New to PySpark and need help with this problem I'm running into
I have a dataframe that contains two columns as shown below:
+------------------+--------------------+
| first_name | last_name |
+------------------+--------------------+
| ["John","Jane"] | ["Smith","Doe"] |
| ["Dwight"] | ["Schrute"] |
| null | null |
+------------------+--------------------+
Basically what I want to do is create a dataframe that would have a schema like this:
root
|-- names: array (nullable = true)
| |-- element: struct (containsNull = true)
| | |-- first_name: string (nullable = true)
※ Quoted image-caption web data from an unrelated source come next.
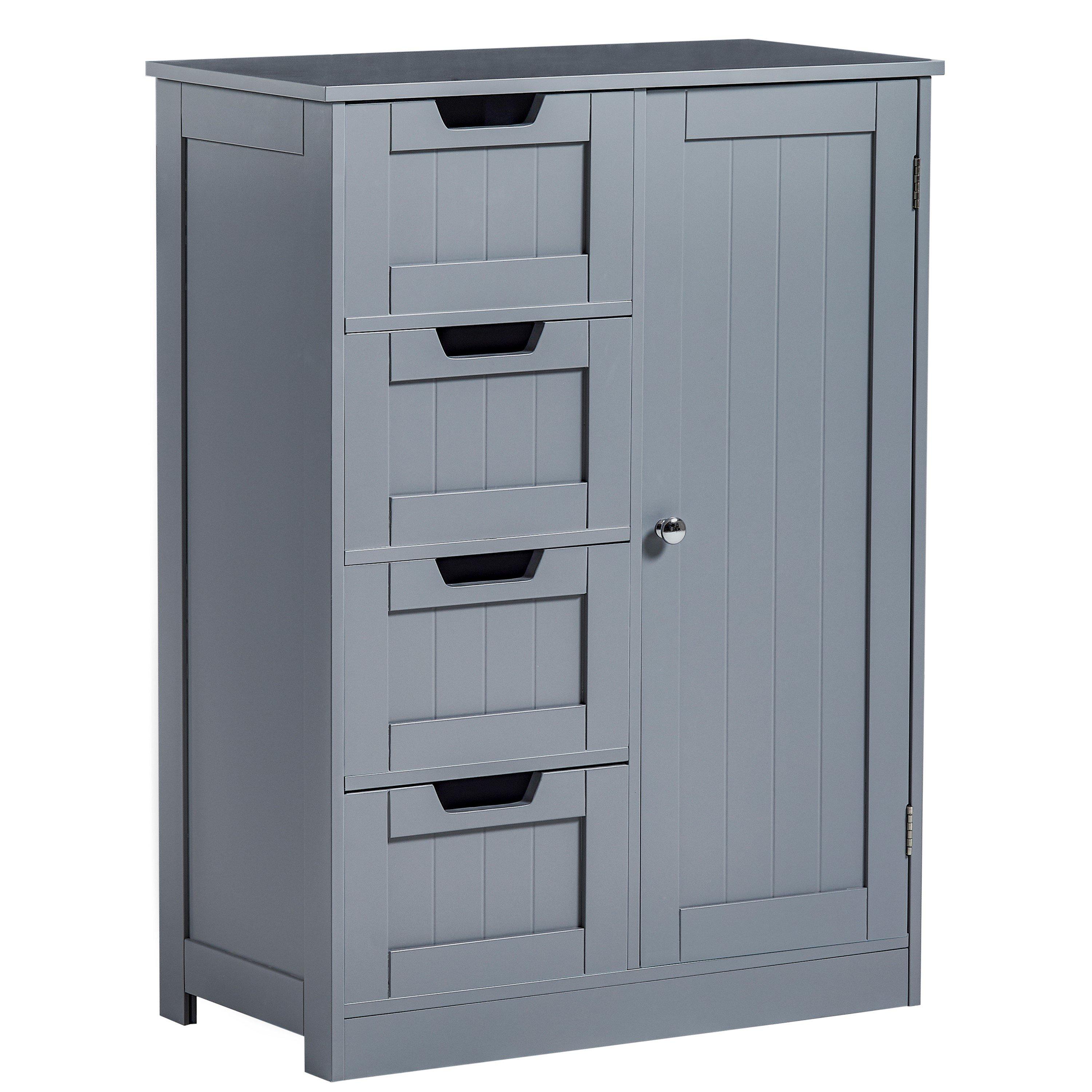 Grey - Lassic - Bath Vida Priano 4 Drawer 1 Door Freestanding Unit - 7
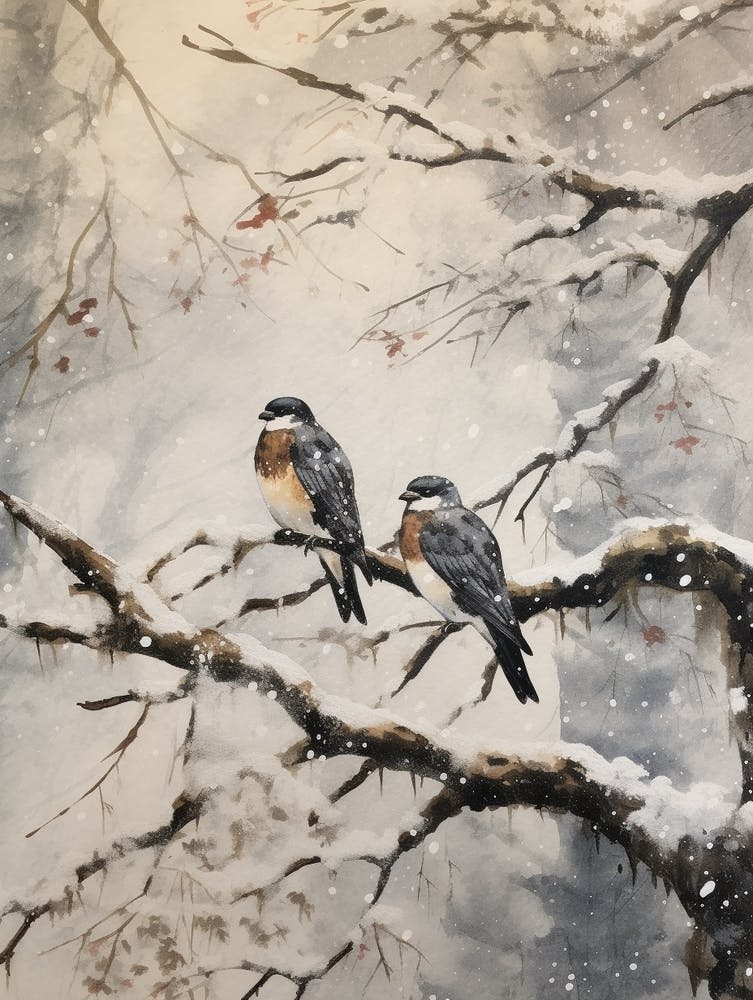Winter Aquarell Falke 2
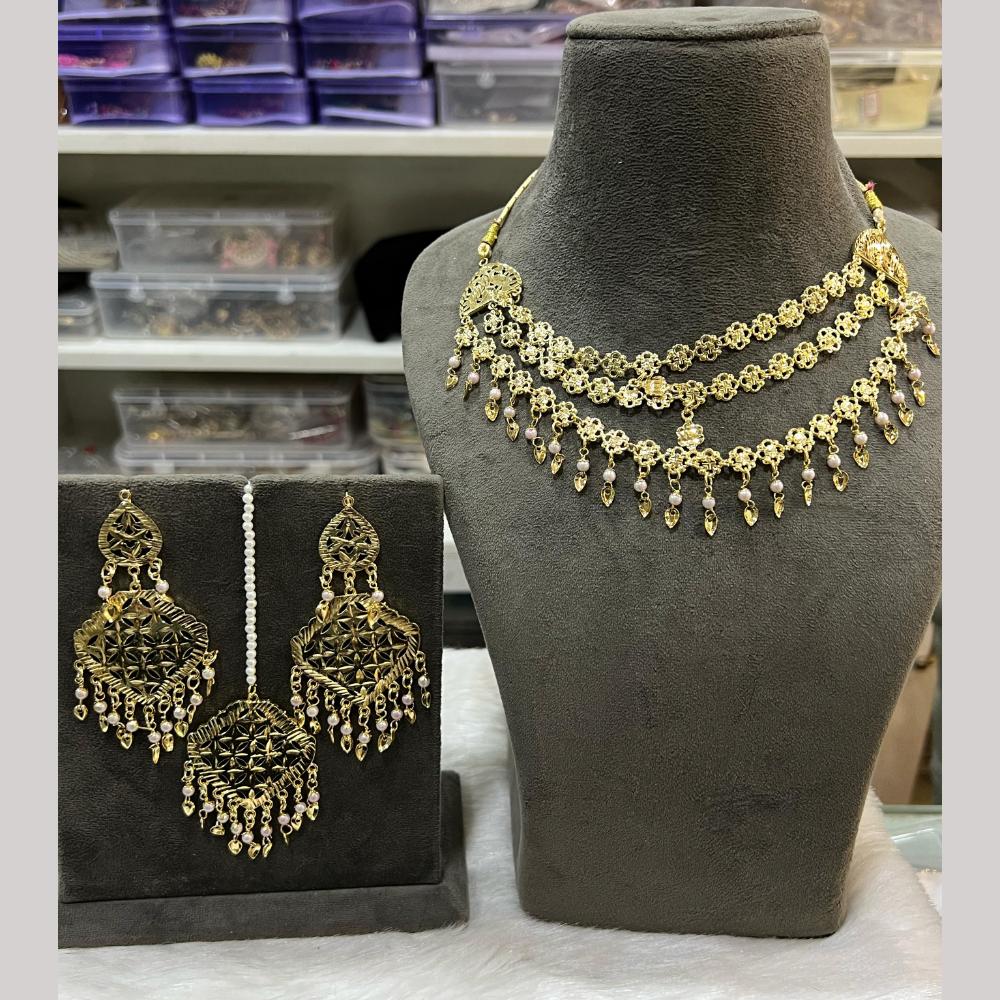 Hira Collections Gold Plated Necklace Set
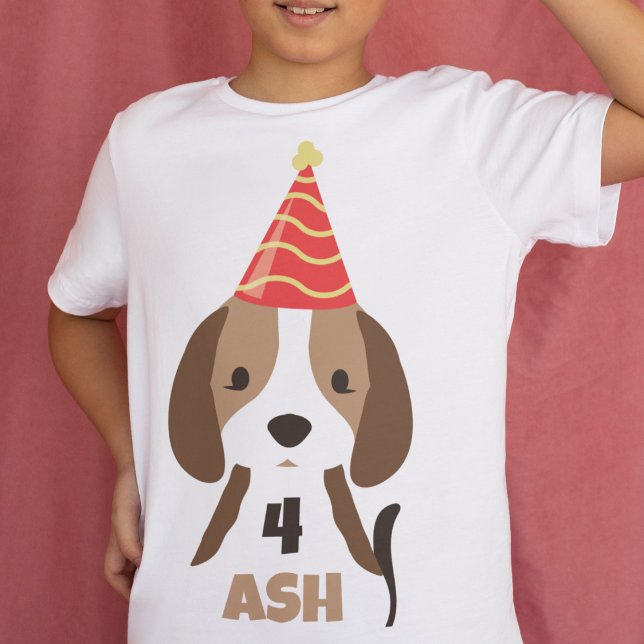 Geburtsdatum: Name und Alter des niedlichen Kinder Kleinkind T-shirt (birthday t-shirt with age and name puppy dog with party hat )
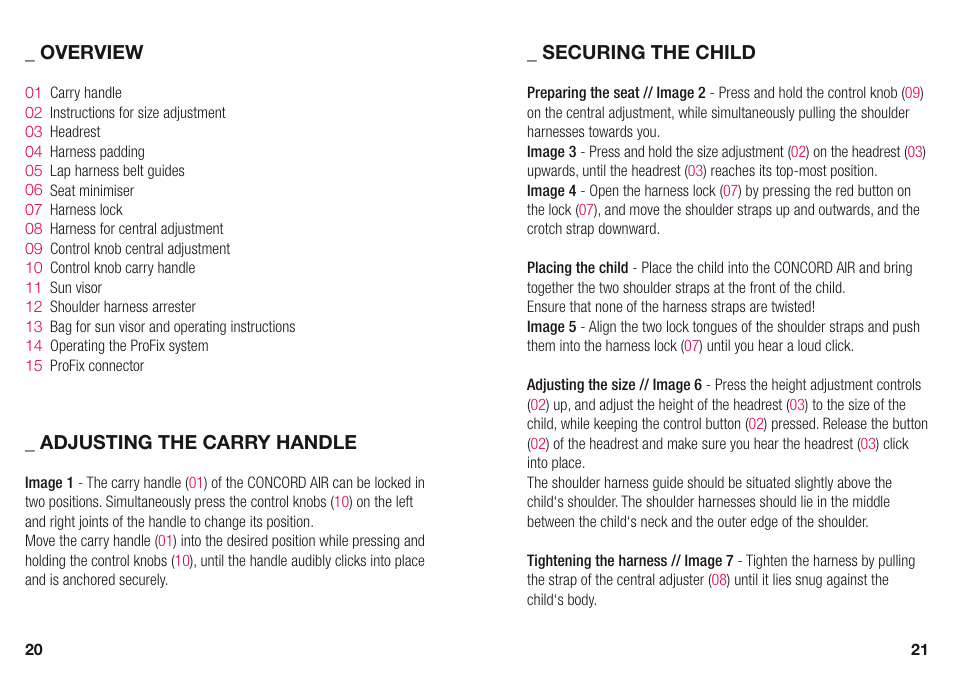 Overview, Adjusting the carry handle _ securing the child | Concord AIR INSTRUCTION MANUAL User Manual | Page 6 / 13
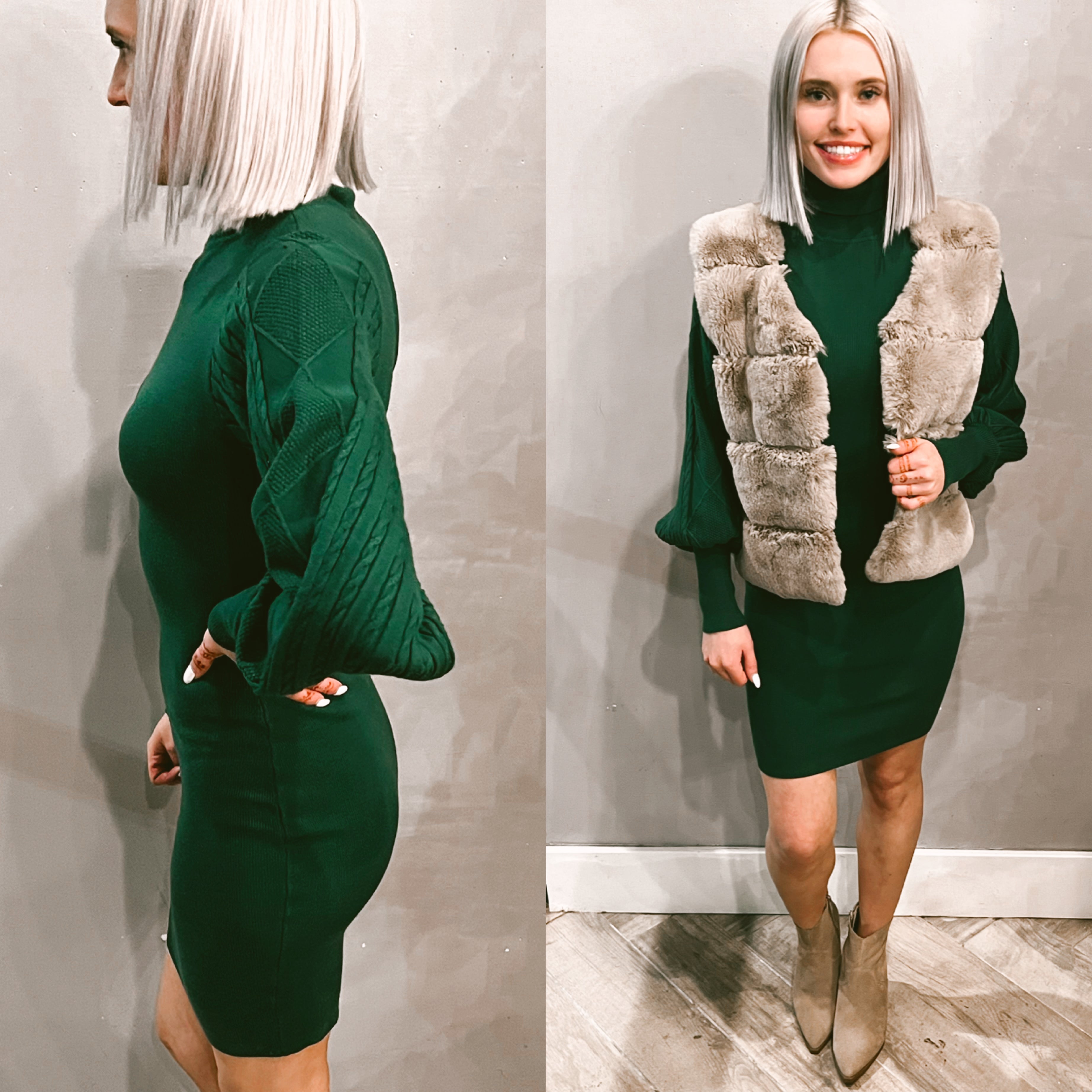 *SEASONS CableSleeve MockNeck Sweater Dress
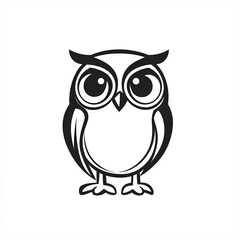Obraz premium Charming Cartoon Owl Illustration with Bold Lines on White Background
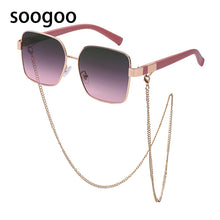 Load image into Gallery viewer, 2023 Square Sunglasses Ladies  Brand Chain Personality Big Frame Sun Glasses Men Retro Eyeglasses UV 400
| | |-- last_name: string (nullable = true)
or output like this:
+-------------------------------------+
| names |
+-------------------------------------+
| [{"John", "Smith},{"Jane", "Doe"}] |
| [{"Dwight", "Schrute"}] |
| [{}] |
+-------------------------------------+
I'm not super concerned about the null case, that shouldn't be too much of an issue. The biggest hurdle I'm facing is combining these two arrays into one organized struct. The array values are not of fixed length, however both arrays will always be of the same size.
I am assuming I will need to use a UDF, which I have tried many variations of something like:
import pyspark.sql as F
convert_names_udf = F.udf(lambda first_name_array, last_name_array:
[struct(F.lit(first_name_array[i]).alias("first_name"),
F.lit(last_name_array[i]).alias("last_name")
for i in range(len(first_name_array))
], ArrayType(StructType()))
df.withColumn("names", convert_names_udf(F.flatten(F.col("first_name"), F.col("last_name"))
However that approach does not seem to be working, and only throws errors. (I'm sure that is not the correct way to us the lit function, however the for i in range(len(first_name_array)
allows me to iterate over all the first names)
Any help to even point me in the right direction is much appreciated! Thanks!